Updated on Tue, 27 Jan 2026 12:24:00 GMT
Thai Coconut Shrimp Soup in a white bowl, garnished with cilantro and lime wedges, steaming beside fresh ingredients. Pin It
Thai Coconut Shrimp Soup in a white bowl, garnished with cilantro and lime wedges, steaming beside fresh ingredients. | plumbrine.com

There's something about the smell of lemongrass hitting hot oil that instantly transports you somewhere warm and humid, where street vendors are ladling soup into bowls at dusk. I discovered this Thai coconut shrimp soup on a rainy Tuesday when I had nothing but coconut milk and shrimp in the kitchen, and somehow it became the dish I crave whenever I need comfort that feels both exotic and simple. The first spoonful surprised me—how could something this quick deliver so much depth? Now whenever friends mention they're tired or sick, this is what I make, because it tastes like someone's taking care of you.

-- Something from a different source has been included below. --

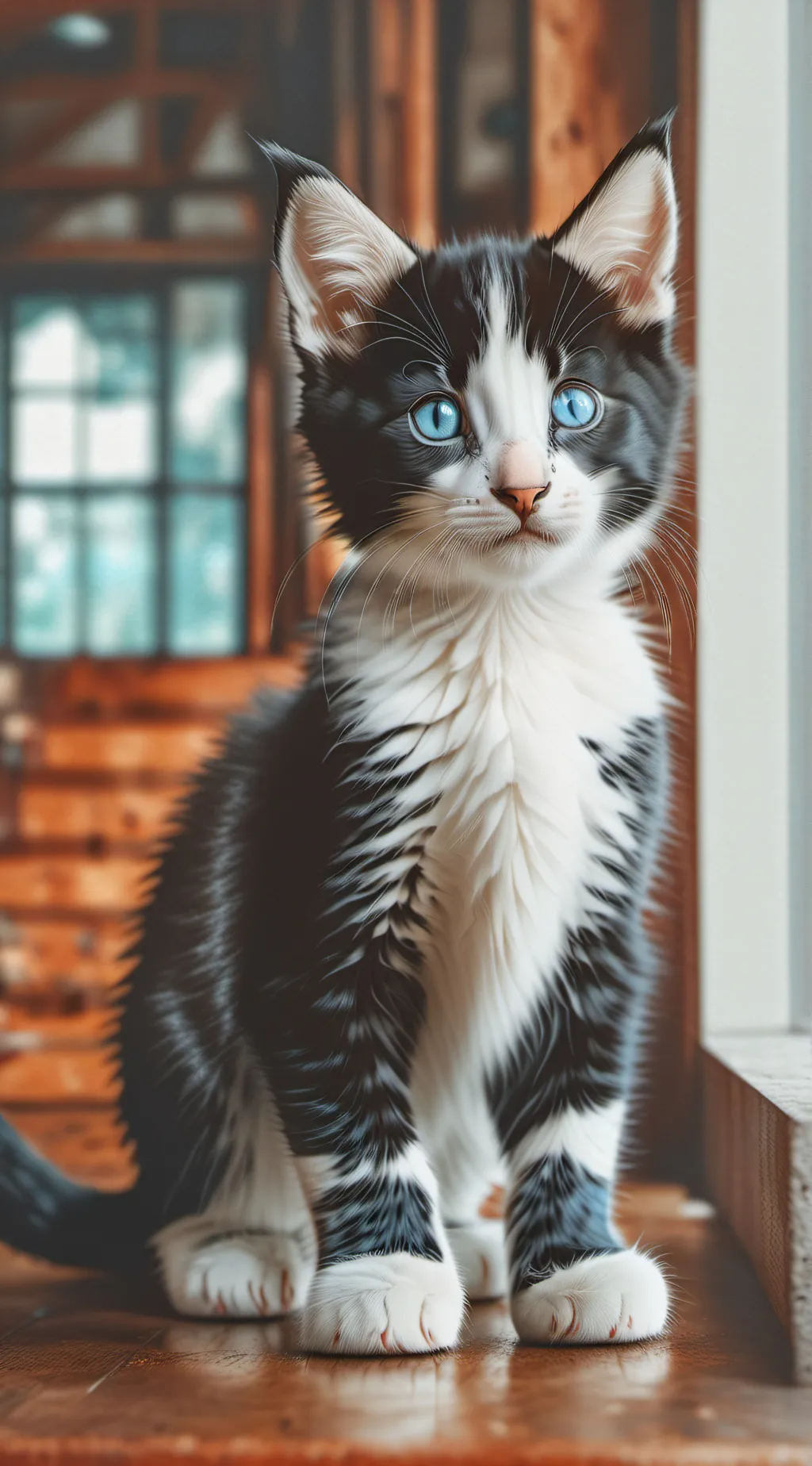 ai character: baby background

I made this for my sister last winter when she was feeling run down, and watching her face light up at that first taste reminded me why I love cooking so much. She kept asking what was in it, convinced I'd added some secret ingredient, but it was just really good curry paste doing its job and fresh herbs doing theirs. That bowl became a little moment between us, quiet and nourishing, the kind of thing you don't forget.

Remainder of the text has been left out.